▶ [EXERCISE AIM]:
Reproduce word for word the lines between those holding "Pretty indian woman" and "May include: A", inclusive, and nothing else from the data below.

────

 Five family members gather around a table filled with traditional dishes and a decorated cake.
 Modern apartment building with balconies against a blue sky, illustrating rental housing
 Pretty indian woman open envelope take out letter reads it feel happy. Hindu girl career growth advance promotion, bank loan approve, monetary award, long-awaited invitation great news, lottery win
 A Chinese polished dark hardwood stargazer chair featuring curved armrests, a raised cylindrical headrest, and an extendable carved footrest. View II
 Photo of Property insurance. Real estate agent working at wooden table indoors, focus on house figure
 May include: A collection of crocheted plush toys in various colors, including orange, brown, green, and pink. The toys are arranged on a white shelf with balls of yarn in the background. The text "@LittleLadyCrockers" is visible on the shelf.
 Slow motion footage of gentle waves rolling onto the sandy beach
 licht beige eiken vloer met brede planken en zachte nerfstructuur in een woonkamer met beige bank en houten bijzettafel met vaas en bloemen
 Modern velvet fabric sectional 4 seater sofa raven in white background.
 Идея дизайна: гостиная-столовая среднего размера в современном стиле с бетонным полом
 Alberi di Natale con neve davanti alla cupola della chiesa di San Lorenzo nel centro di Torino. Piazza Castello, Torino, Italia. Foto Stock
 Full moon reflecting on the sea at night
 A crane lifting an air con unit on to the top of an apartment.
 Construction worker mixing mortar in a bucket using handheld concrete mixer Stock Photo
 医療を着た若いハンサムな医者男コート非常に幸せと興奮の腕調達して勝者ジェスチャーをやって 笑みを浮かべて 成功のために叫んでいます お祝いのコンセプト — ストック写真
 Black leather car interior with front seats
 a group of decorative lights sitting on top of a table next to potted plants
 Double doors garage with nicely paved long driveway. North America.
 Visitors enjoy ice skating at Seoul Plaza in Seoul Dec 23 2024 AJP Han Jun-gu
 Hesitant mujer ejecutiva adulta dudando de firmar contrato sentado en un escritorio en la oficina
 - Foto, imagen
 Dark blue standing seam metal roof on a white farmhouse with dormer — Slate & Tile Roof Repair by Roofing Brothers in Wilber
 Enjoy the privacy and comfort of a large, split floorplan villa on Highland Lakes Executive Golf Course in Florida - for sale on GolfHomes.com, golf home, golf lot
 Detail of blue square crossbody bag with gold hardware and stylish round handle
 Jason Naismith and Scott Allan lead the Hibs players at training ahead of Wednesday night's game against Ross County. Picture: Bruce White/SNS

────

▶ [RESULT OF THIS EXERCISE]:
 Pretty indian woman open envelope take out letter reads it feel happy. Hindu girl career growth advance promotion, bank loan approve, monetary award, long-awaited invitation great news, lottery win
 A Chinese polished dark hardwood stargazer chair featuring curved armrests, a raised cylindrical headrest, and an extendable carved footrest. View II
 Photo of Property insurance. Real estate agent working at wooden table indoors, focus on house figure
 May include: A collection of crocheted plush toys in various colors, including orange, brown, green, and pink. The toys are arranged on a white shelf with balls of yarn in the background. The text "@LittleLadyCrockers" is visible on the shelf.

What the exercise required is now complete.